# TASK TO CARRY OUT:
Below are the entries. Print only the lines starting at the one with "Bedrijf Logo Navy" and ending at the one with "Depesche 11687 Ylvi", exactly, with no pictures.

# DATA FOR PROCESSING:
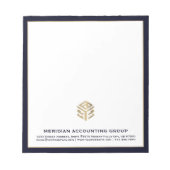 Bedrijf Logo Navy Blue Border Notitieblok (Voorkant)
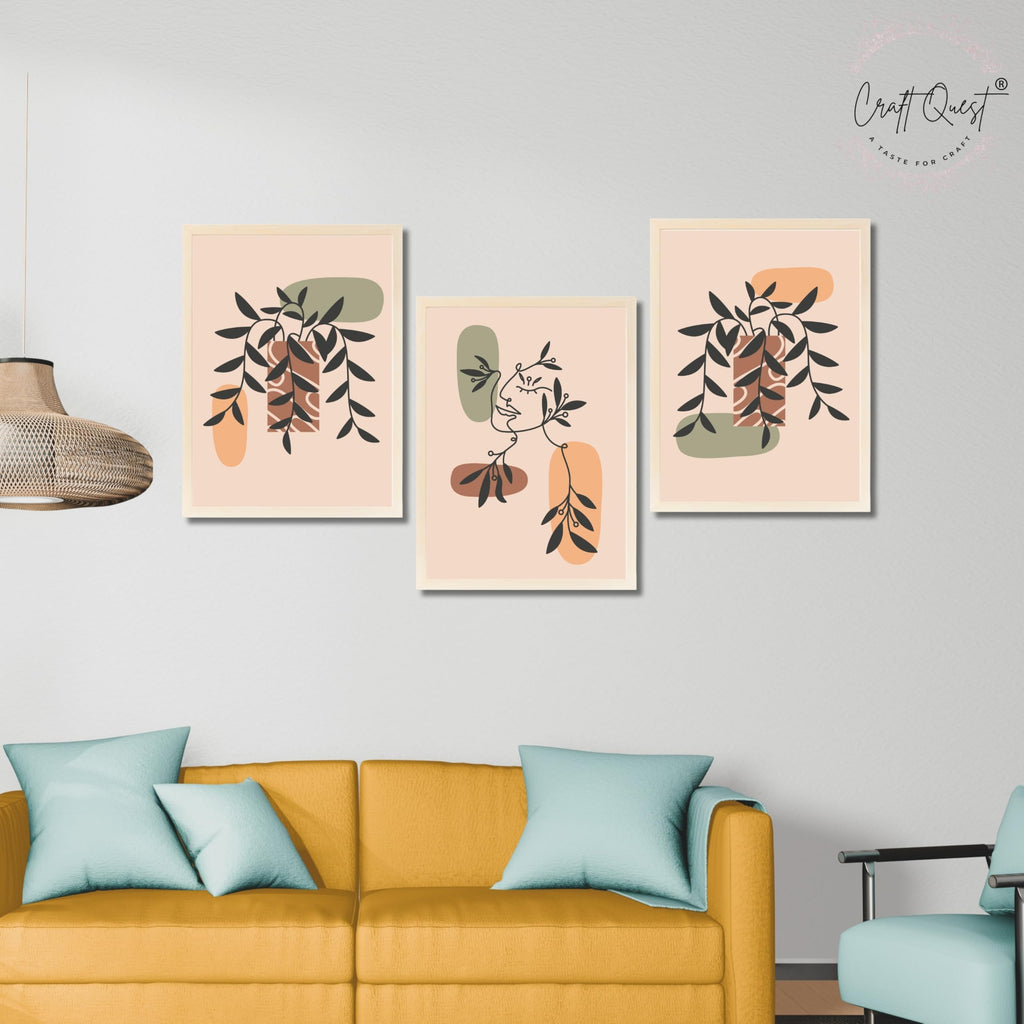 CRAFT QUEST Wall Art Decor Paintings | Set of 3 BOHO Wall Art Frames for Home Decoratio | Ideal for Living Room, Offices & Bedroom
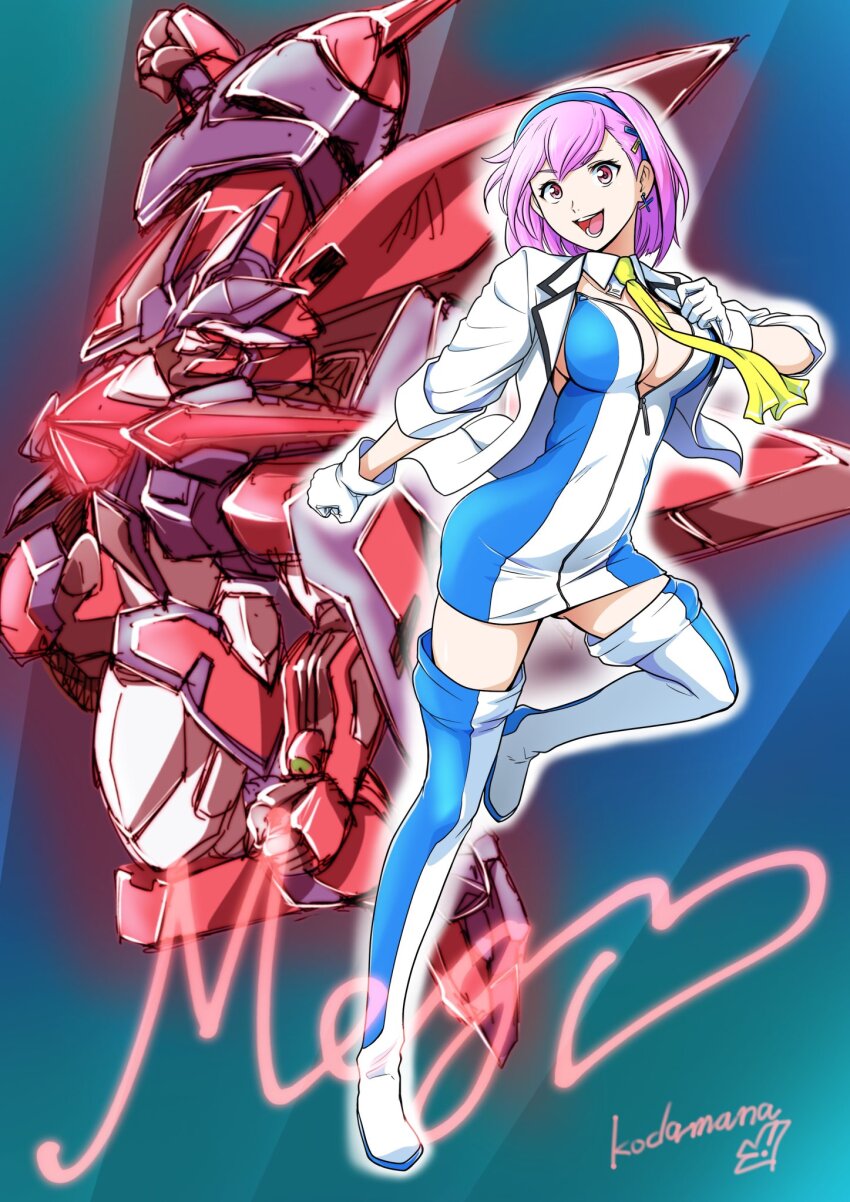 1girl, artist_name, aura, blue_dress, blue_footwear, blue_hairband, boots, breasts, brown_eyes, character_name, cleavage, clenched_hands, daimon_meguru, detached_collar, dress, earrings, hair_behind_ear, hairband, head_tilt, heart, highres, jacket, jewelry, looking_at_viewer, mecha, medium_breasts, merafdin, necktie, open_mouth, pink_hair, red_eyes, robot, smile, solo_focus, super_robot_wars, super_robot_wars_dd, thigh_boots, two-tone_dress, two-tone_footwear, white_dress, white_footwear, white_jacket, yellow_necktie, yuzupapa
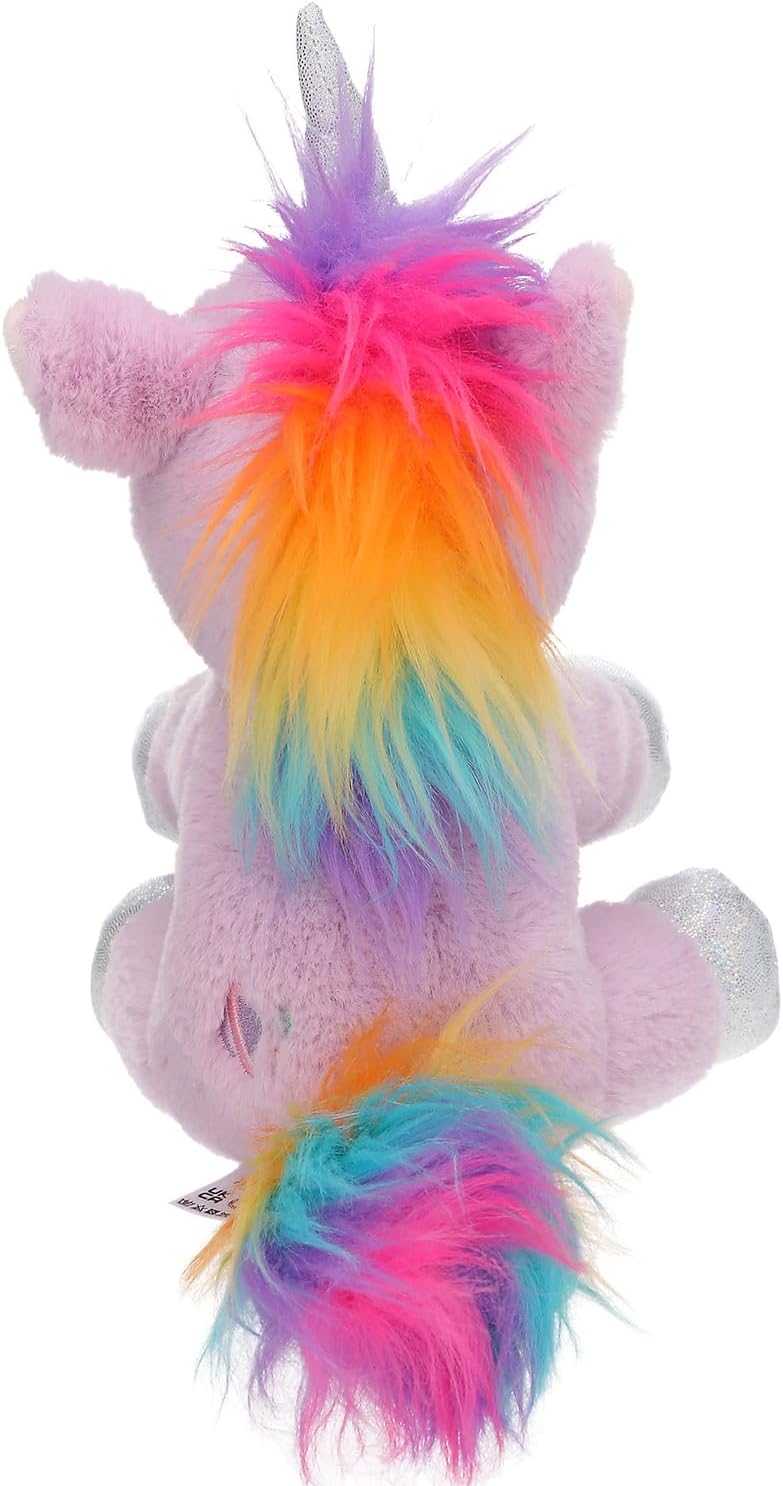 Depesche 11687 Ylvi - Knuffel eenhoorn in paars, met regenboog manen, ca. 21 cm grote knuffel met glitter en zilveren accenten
...
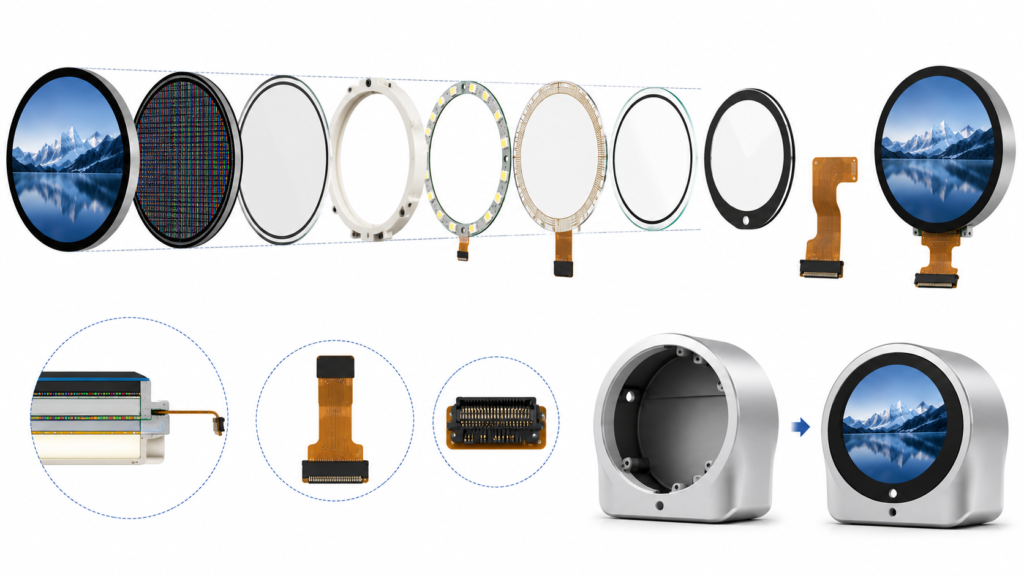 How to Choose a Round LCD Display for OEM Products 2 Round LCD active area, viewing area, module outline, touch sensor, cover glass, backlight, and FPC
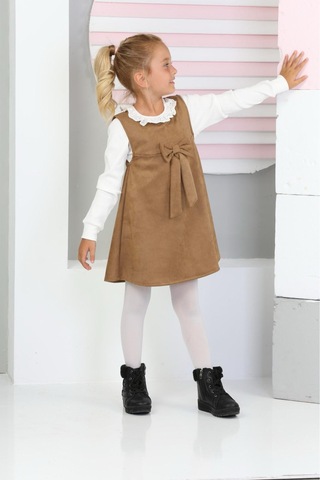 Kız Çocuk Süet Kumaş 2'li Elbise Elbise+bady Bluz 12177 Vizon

# WORKED SOLUTION:
 Bedrijf Logo Navy Blue Border Notitieblok (Voorkant)
 CRAFT QUEST Wall Art Decor Paintings | Set of 3 BOHO Wall Art Frames for Home Decoratio | Ideal for Living Room, Offices & Bedroom
 1girl, artist_name, aura, blue_dress, blue_footwear, blue_hairband, boots, breasts, brown_eyes, character_name, cleavage, clenched_hands, daimon_meguru, detached_collar, dress, earrings, hair_behind_ear, hairband, head_tilt, heart, highres, jacket, jewelry, looking_at_viewer, mecha, medium_breasts, merafdin, necktie, open_mouth, pink_hair, red_eyes, robot, smile, solo_focus, super_robot_wars, super_robot_wars_dd, thigh_boots, two-tone_dress, two-tone_footwear, white_dress, white_footwear, white_jacket, yellow_necktie, yuzupapa
 Depesche 11687 Ylvi - Knuffel eenhoorn in paars, met regenboog manen, ca. 21 cm grote knuffel met glitter en zilveren accenten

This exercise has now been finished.